### Instructions for the task
The line containing "Autographed/Signed Dean Palmer" and every line after it, through the end of the material: copy these exactly and nothing else, leaving pictures out.

____ Data section

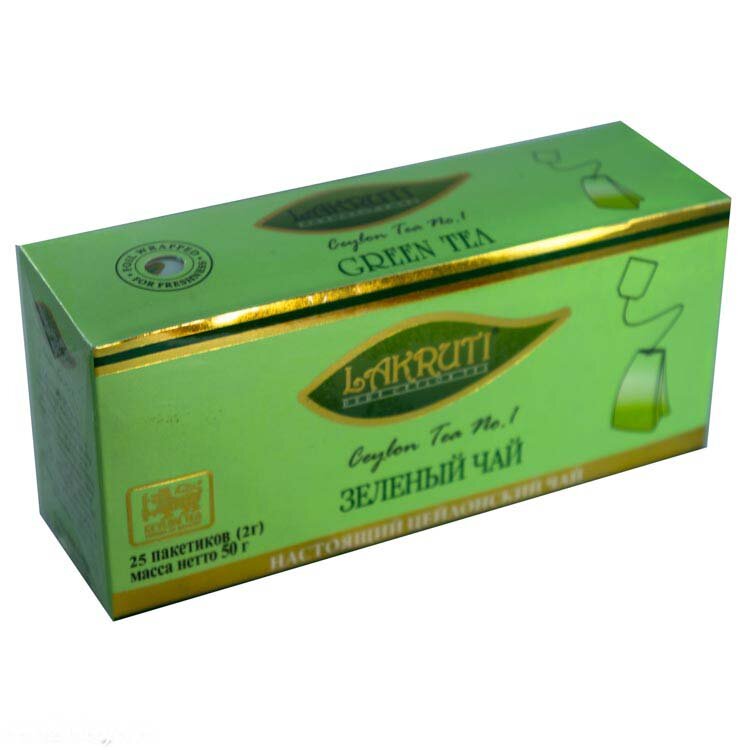 Чай Лакрути 25 пакетиков зеленый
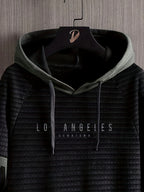Men'S Fashion Hoodie Sweatshirt - Black Crash Gray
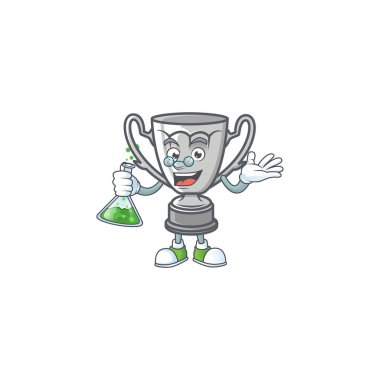 Çizgi film karakteri şekilli Profesör Silver Kupası.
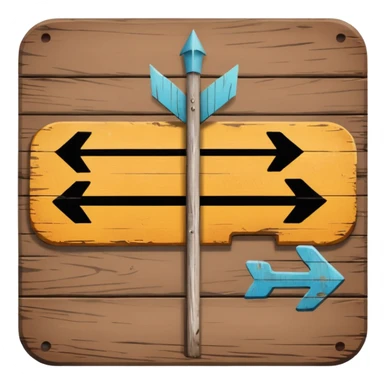 one way board  sticker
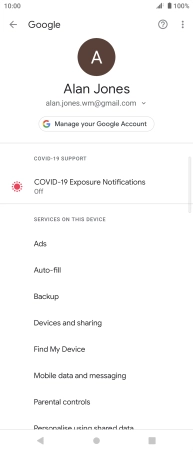 Press Find My Device.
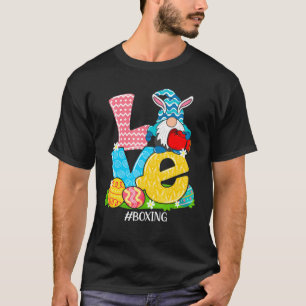 Camiseta Amor Boxing Páscoa Gnomo Caça De Ovos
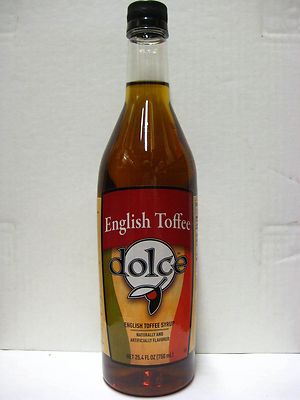 Dolce English Toffee Flavoring Syrup - 750 mL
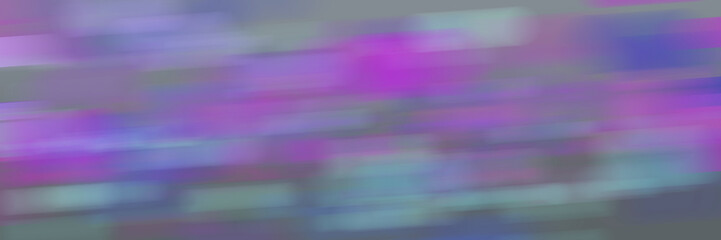 On a light gray background, smears of purple and blue.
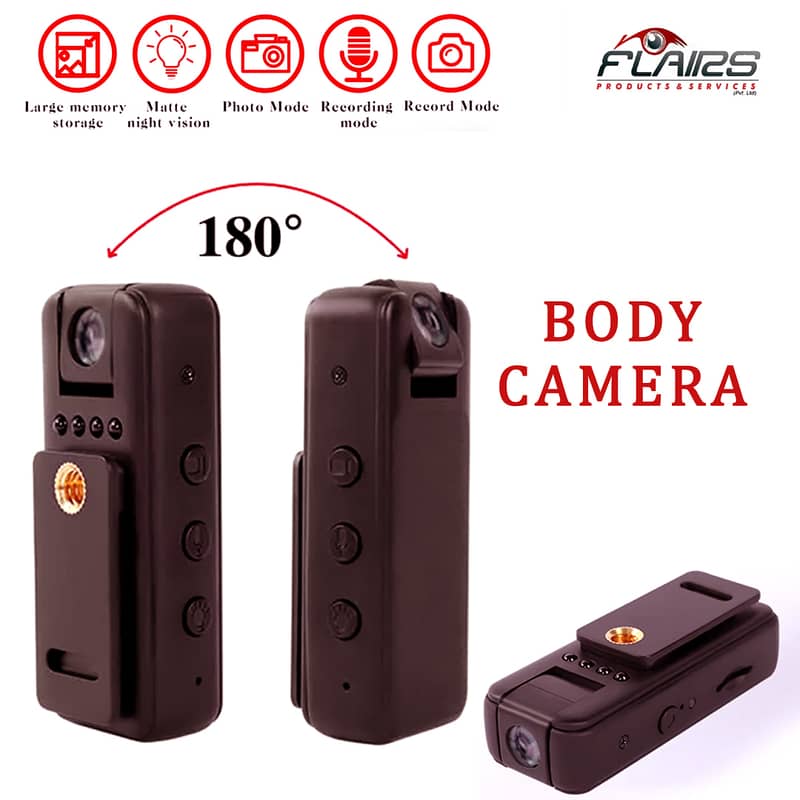 A88 Motion Body Camera, Portable digital videos recorder night vision 0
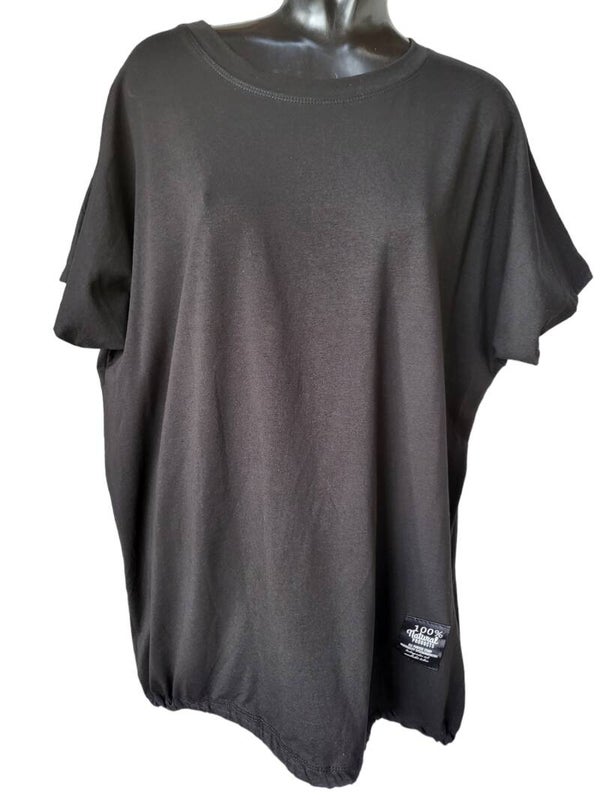 Longshirt uni schwarz, Gr. 40 - 44 - 1x verfügbar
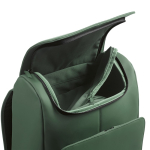 Zaino da 20l in ecopelle con tasca imbottita posteriore per pc portatili color verde quarta vista dettaglio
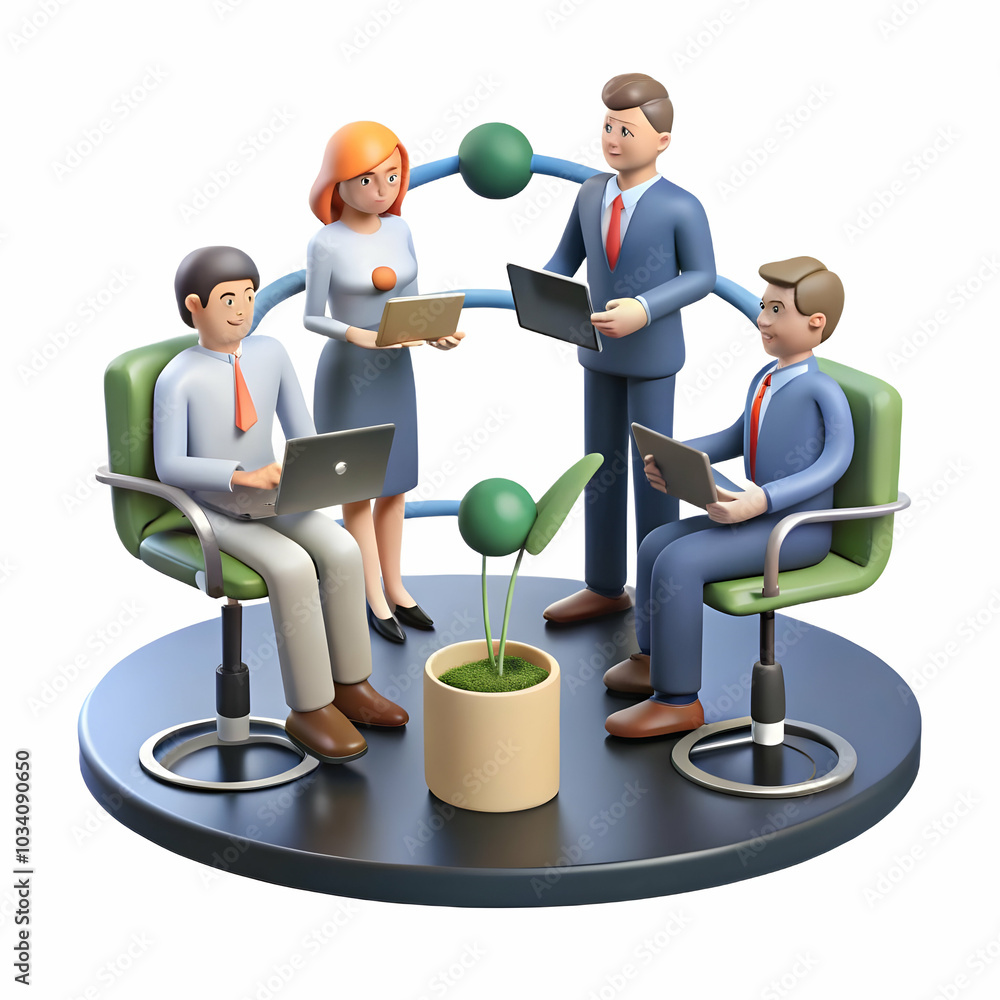 Poster candid capture of professionals networking and exchanging ideas in an office setting with copy space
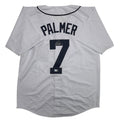 Autographed/Signed Dean Palmer Detroit White Baseball Jersey Beckett BAS COA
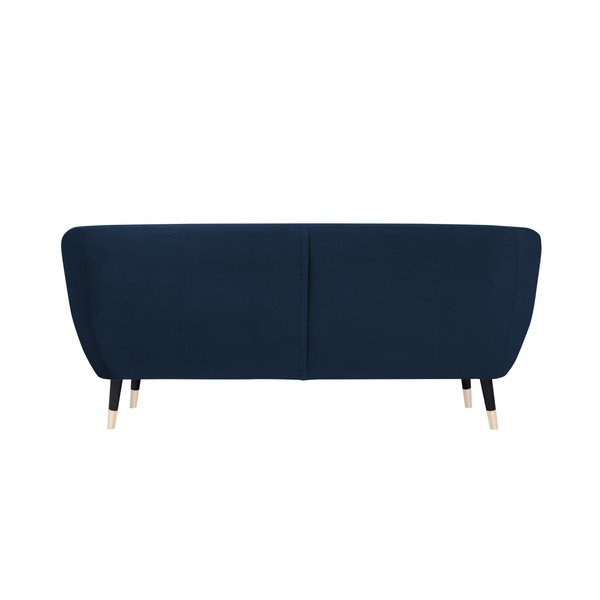 Tmavomodrá pohovka s čiernymi nohami Mazzini Sofas Benito, 188 cm-image-4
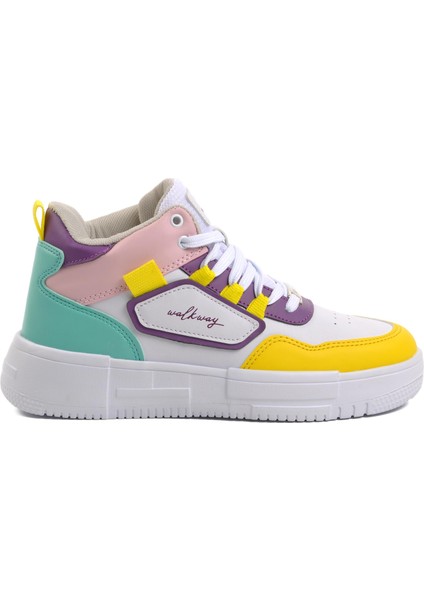 Nefertiti Beyaz-Sarı Hi Sneaker fiyatları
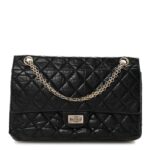 Aged Calfskin Quilted 2.55 Reissue 226 Flap Black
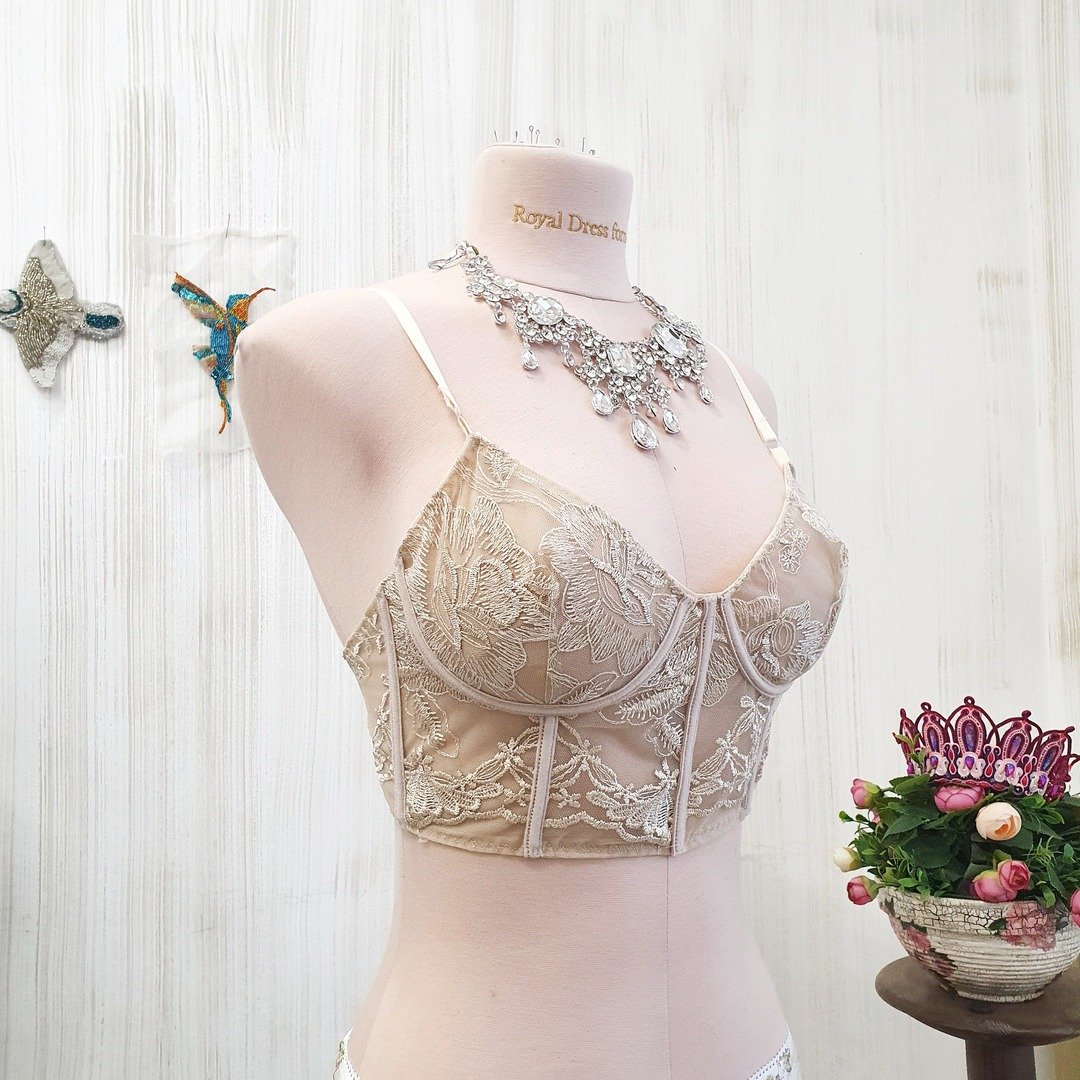 Digital Download PDF lingerie sewing pattern Bustier - Logo 设计/图案设计 - 其他材质 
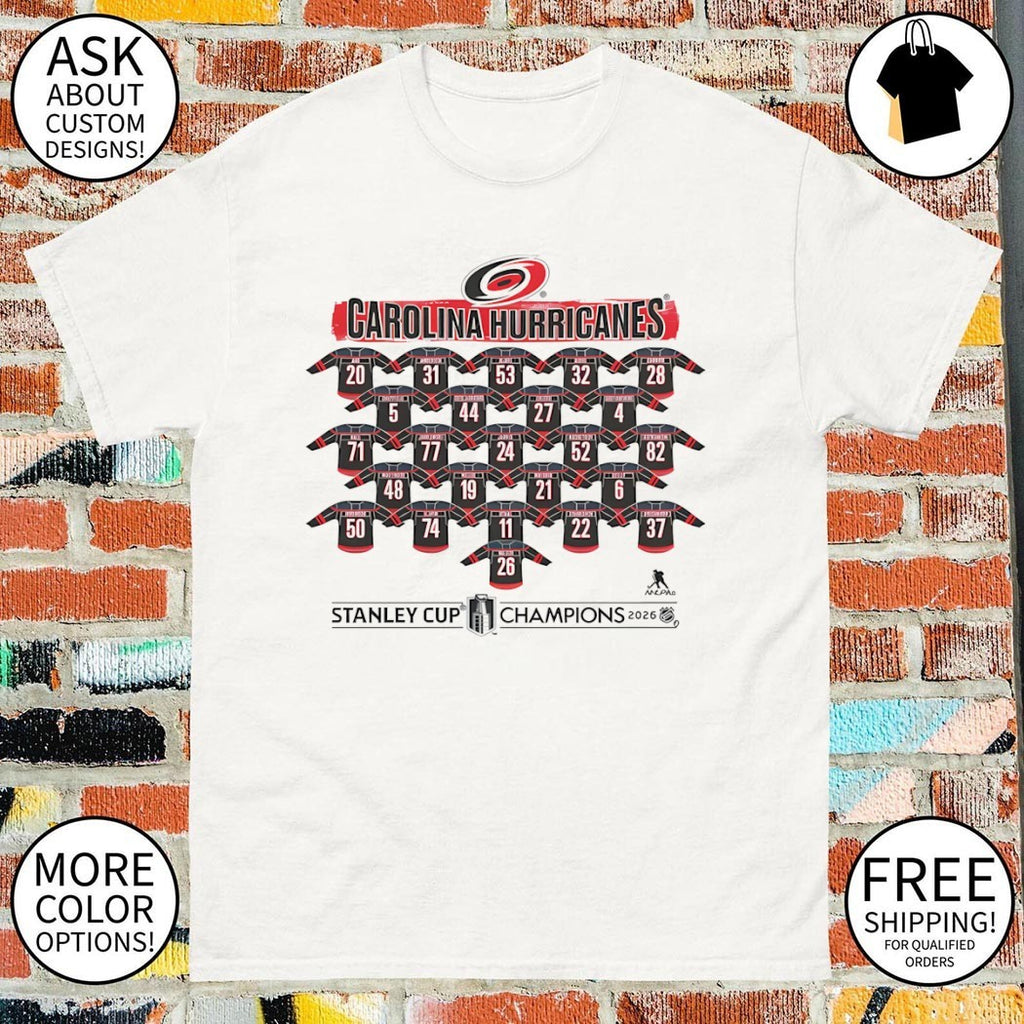 Carolina Hurricanes All Team Hockey 2026 Stanley Cup Champions NHL Celebration shirt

________

### Answer to this task
 Autographed/Signed Dean Palmer Detroit White Baseball Jersey Beckett BAS COA
 Tmavomodrá pohovka s čiernymi nohami Mazzini Sofas Benito, 188 cm-image-4
 Nefertiti Beyaz-Sarı Hi Sneaker fiyatları
 Aged Calfskin Quilted 2.55 Reissue 226 Flap Black
 Digital Download PDF lingerie sewing pattern Bustier - Logo 设计/图案设计 - 其他材质 
 Carolina Hurricanes All Team Hockey 2026 Stanley Cup Champions NHL Celebration shirt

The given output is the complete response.